Sur le terrain, le CEC a observé :

  • Une clientèle majoritairement française dans les comptoirs d’or installés en Allemagne dans la région frontalière. La publicité (panneaux, flyers, publicité dans les journaux et sur internet) en témoigne.
  • Les employés et propriétaires des comptoirs d’or sont souvent français. Sur les flyers et encarts publicitaires est parfois donné un numéro de téléphone +33.


Le CEC a recueilli des témoignages de commerçants installés à Kehl. La grande majorité de leur clientèle à Kehl serait française, 5 % Autrichiens et 2 % Allemands.

Ce constat s’explique par le fait que la réglementation allemande est moins stricte dans ce secteur qu’en France.

En réalité, si certains y voient un avantage, le consommateur qui vend de l'or en France est juridiquement davantage protégé que celui qui vend de l'or en Allemagne.

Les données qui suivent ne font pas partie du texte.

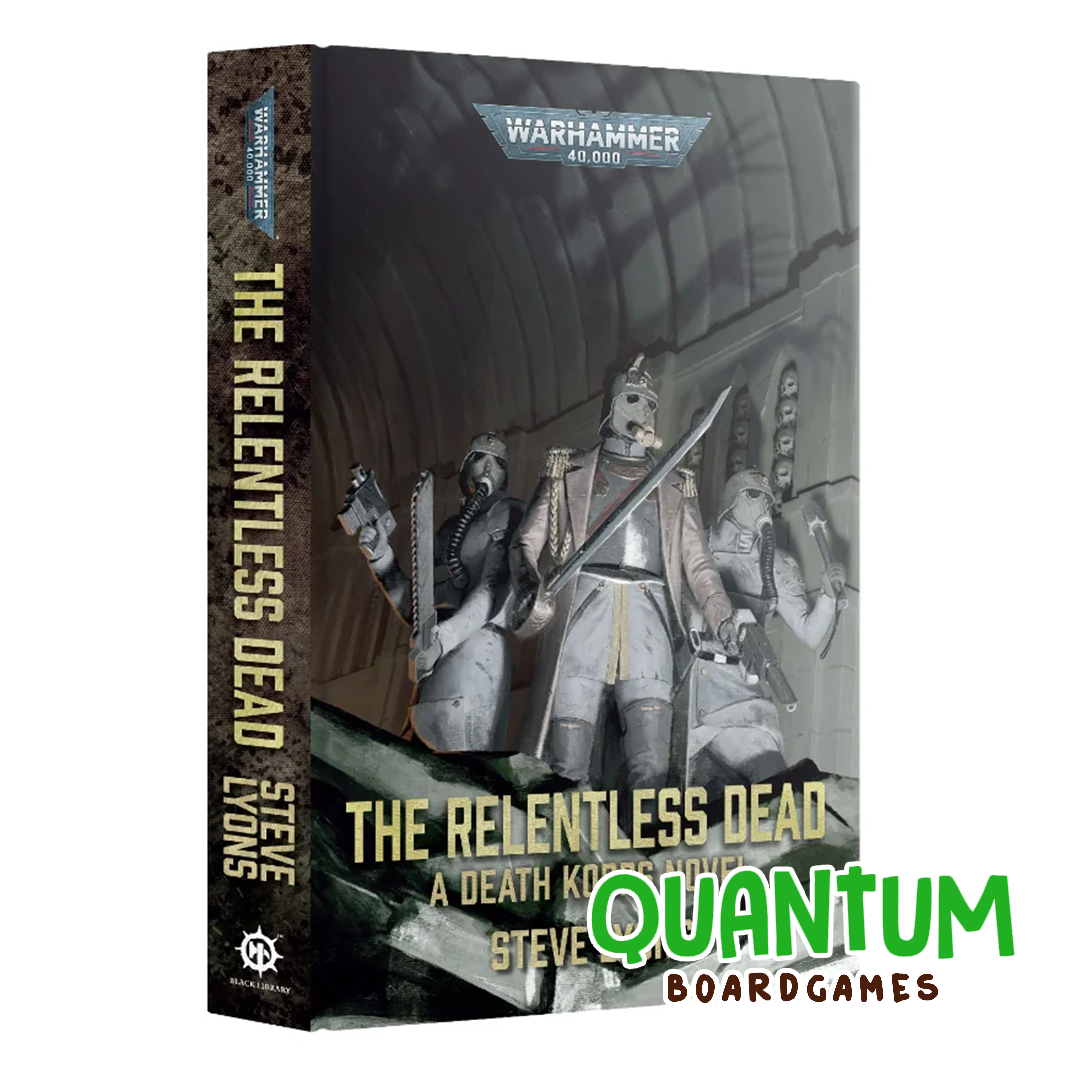 Black Library: The relentless dead - Royal Hardback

Quels sont les risques encourus ?

  1. Le consommateur est moins bien informé au préalable ;
     
  2. Le consommateur français qui ne respecte pas ses obligations peut subir un redressement fiscal ou de lourdes sanctions par la douane.

Attention ! Les publicités des comptoirs d’or installés en Allemagne sont rédigées souvent en français et utilisent des slogans tels que "PAIEMENT CASH, ZERO TAXES".

En réalité, si aucune taxe n’est prélevée en Allemagne, l’opération doit bien être déclarée au Fisc français. Attention donc aux offres trop alléchantes !

Le Finanzamt a confirmé au CEC que des échanges d’informations étaient bien effectués entre les autorités fiscales allemandes et françaises.